Peppaminttea - we saw a neuropsychologist on the advice of our GP/ community paediatrician but will arrange an educational psychologist as well if required. I don't think he has ASD and no one else has suggested it. The logic for the neuropsychologist was to determine both his overall intelligence (ie are we just aiming too high here) and look into the psychological symptoms he experiences. Huge amounts of separation anxiety still, low self esteem and emotional dysregulation. The NHS wait locally to see paed neuropsychology (understandbly v specialist field) is approx 15mo so we arranged tosee the same consultant privately. We also paid privately for ds to see an OT re the dyspraxia on the school's recommendation. I doubt he would have fitted NHS criteria for OT. I think you are totally right that we need to adjust our expectations and work on boosting his skills and supporting him with his weaknesses. I just find it heart breaking to see the kids around him 'flying' (not to mention their proud unstressed parents enjouing their children) whilst ds is finding life tough and dh & I are exhausted and stressed.

I think the touch typing sounds a good idea - I will d/w school in sept.

Fingers crossed for the neuropsychologist to come back with some answers or possible avenues to investigate.

Scoutfinchmockingbird - ds1 is extremely well behaved at school, in fact he is very anxious about upsetting teachers. Gets anxious and upset sometimes but never ever cross, rude or tantrums like we see at home.

OP posts:
firsttimemothergoose · 10/08/2018 20:38

You mention your DS was premature, was it a traumatic birth?
Did he crawl? Did he bum shuffle? Did he walk early or late?

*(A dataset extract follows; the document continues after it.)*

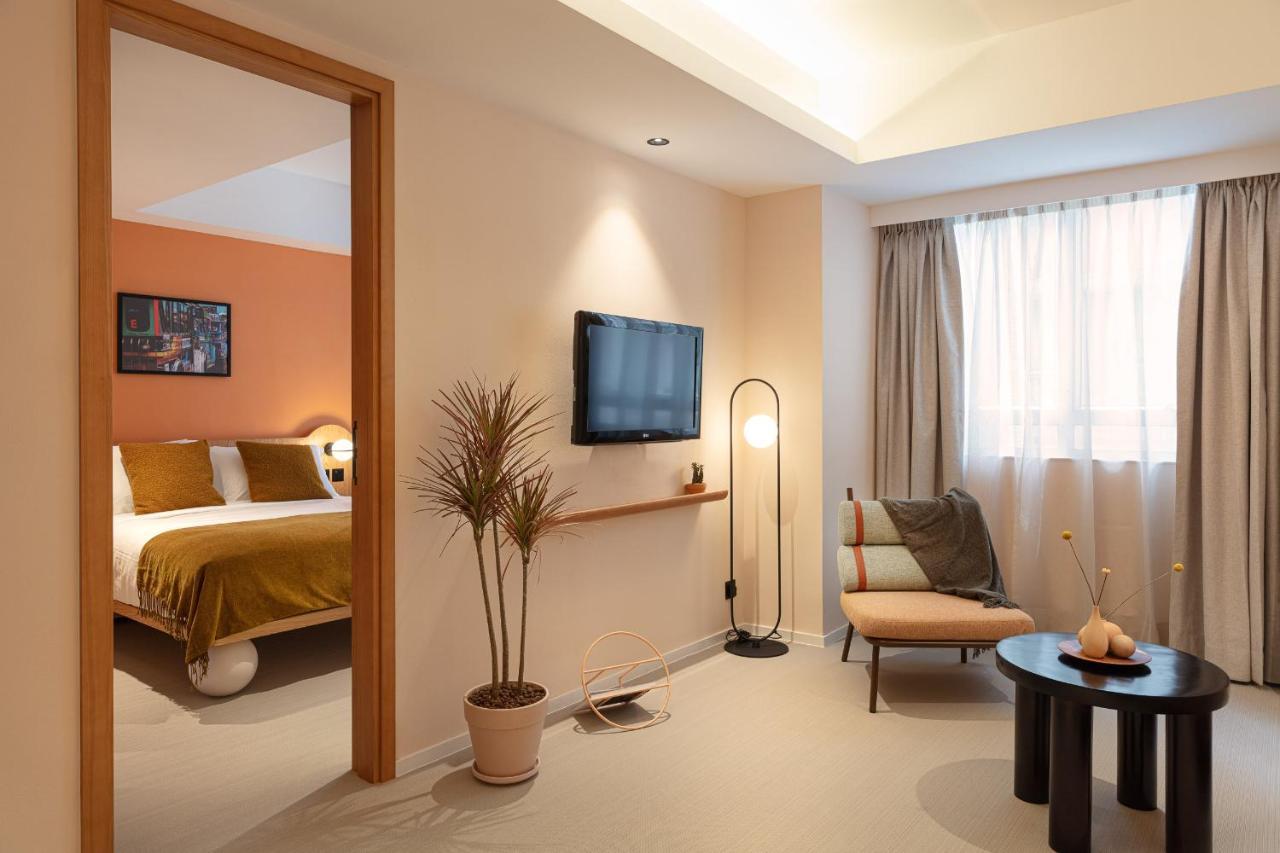 Magnolia Suite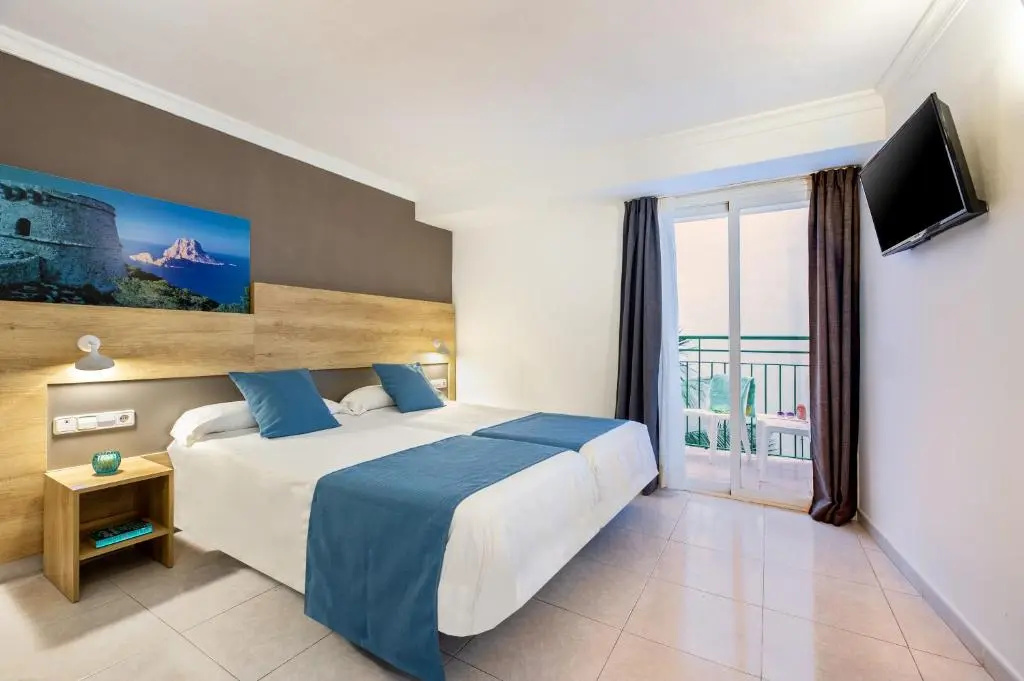 Standard Double room (twin beds)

Many dyslexics can read but struggle with spelling, hyperlexia being one type. Don’t worry about spellings for now ( I hate spelling tests like this in schools for so many reasons)

The best thing to do is see an educational psychologist. Expensive but worth it if you find the right one. Do your research and find one who won’t sit on the fence with a diagnosis.

Remember that your DS feels safe at home with you and this can lead to the difficult behaviour at home. It’s hard but be kind to him, he is obviously finding life hard right now. He is the right age to get an ed.psych. report now so try to get one done. It will be a confidential document so share it! It’s up to you to share with the school etc so please do, otherwise it’s fairly pointless.

You will have a long road ahead of you but one way or another, he will be ok! Good luck.